Por estas y otras razones, en estos 10 años nos hemos estancado en el Índice de Desarrollo Humano medido por la ONU; en el año 2000, ocupábamos el lugar 54 entre 173 naciones; en 2010 somos el número 56 entre 169 naciones.
Cabe preguntarse por qué hemos llegado a este deterioro social en donde nada parece marchar bien: ni la seguridad, ni la procuración de justicia, ni la economía, ni las pautas básicas de la convivencia que permitan preservar el tejido social.

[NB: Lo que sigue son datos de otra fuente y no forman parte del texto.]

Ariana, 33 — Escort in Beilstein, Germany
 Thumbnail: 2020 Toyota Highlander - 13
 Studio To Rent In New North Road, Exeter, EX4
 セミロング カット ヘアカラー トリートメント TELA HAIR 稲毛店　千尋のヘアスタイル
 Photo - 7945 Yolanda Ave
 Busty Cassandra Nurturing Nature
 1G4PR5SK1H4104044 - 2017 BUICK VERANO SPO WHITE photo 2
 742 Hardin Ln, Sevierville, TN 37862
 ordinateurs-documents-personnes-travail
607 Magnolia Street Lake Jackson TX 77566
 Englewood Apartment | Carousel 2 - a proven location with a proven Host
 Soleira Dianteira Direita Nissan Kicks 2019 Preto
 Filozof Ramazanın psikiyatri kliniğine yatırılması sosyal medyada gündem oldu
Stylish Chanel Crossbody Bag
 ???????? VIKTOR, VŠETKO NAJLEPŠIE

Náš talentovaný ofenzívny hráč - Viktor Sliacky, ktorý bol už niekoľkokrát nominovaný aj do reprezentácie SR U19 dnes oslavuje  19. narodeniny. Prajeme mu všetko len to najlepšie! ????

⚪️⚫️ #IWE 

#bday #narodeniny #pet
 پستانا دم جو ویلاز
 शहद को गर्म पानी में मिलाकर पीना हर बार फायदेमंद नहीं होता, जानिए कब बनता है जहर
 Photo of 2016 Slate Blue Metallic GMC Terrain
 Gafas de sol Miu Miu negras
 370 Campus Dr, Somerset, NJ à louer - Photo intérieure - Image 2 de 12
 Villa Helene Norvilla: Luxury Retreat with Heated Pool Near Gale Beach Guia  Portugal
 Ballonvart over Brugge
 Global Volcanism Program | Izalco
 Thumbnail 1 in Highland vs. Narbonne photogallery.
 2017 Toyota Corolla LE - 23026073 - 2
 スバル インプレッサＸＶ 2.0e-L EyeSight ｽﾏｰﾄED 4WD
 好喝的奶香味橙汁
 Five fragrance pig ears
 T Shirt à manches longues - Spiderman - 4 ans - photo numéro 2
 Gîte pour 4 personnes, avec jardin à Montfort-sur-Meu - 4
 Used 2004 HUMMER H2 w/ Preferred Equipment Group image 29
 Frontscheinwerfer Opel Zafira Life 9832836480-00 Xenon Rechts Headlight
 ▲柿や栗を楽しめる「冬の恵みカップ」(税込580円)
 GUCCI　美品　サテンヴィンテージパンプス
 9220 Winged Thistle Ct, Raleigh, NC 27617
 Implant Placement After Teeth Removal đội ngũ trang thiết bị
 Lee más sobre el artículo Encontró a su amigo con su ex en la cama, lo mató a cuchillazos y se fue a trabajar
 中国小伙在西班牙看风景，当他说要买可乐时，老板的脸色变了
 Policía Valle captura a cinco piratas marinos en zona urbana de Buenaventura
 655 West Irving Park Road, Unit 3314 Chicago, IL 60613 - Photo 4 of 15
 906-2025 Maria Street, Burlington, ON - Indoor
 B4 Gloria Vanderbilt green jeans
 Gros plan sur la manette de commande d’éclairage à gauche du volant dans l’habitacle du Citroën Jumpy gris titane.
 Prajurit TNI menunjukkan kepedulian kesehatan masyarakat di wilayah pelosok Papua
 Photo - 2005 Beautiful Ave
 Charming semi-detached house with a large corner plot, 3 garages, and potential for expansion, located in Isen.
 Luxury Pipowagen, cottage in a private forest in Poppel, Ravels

En los últimos 10 años, el país captó más de 220 mil millones de dólares de inversión extranjera directa, recibió cerca de 188 mil millones de dólares de remesas, y por el turismo registró ingresos por 109 mil millones de dólares. Lo anterior contribuyó a que el gobierno contara con cerca de 130 mil millones de dólares de excedentes presupuestales, 60 mil millones de ellos provenientes del petróleo; asimismo, disminuyó el servicio de la deuda porque las tasas internacionales de interés bajaron.
Lejos de canalizar los recursos mayormente a inversiones productivas y a efectivos programas de bienestar social, los responsables de las políticas públicas aumentaron el gasto corriente, pagaron anticipadamente miles de millones de dólares de deuda externa cuando había condiciones favorables para renegociarla, aumentaron las reservas internacionales y privilegiaron el equilibrio macroeconómico en detrimento del desarrollo y la generación de empleos.
El tejido social se ha deteriorado; se ha diluido la capilaridad social que tuvimos durante varias décadas, y deteriorado la calidad de la educación pública, que fueron motores de sólidas clases medias que hoy están pauperizándose. Sin catastrofismos debemos reconocer que cunde el desaliento, que la economía no crece y las desigualdades se agravan. No podemos esperar más tiempo para impulsar el desarrollo, generar empleos permanentes, aplicar una política social no asistencialista, elevar la calidad educativa y garantizar la seguridad y la tranquilidad social para procurar a nuestros hijos un país viable, en paz y con la cohesión social recuperada.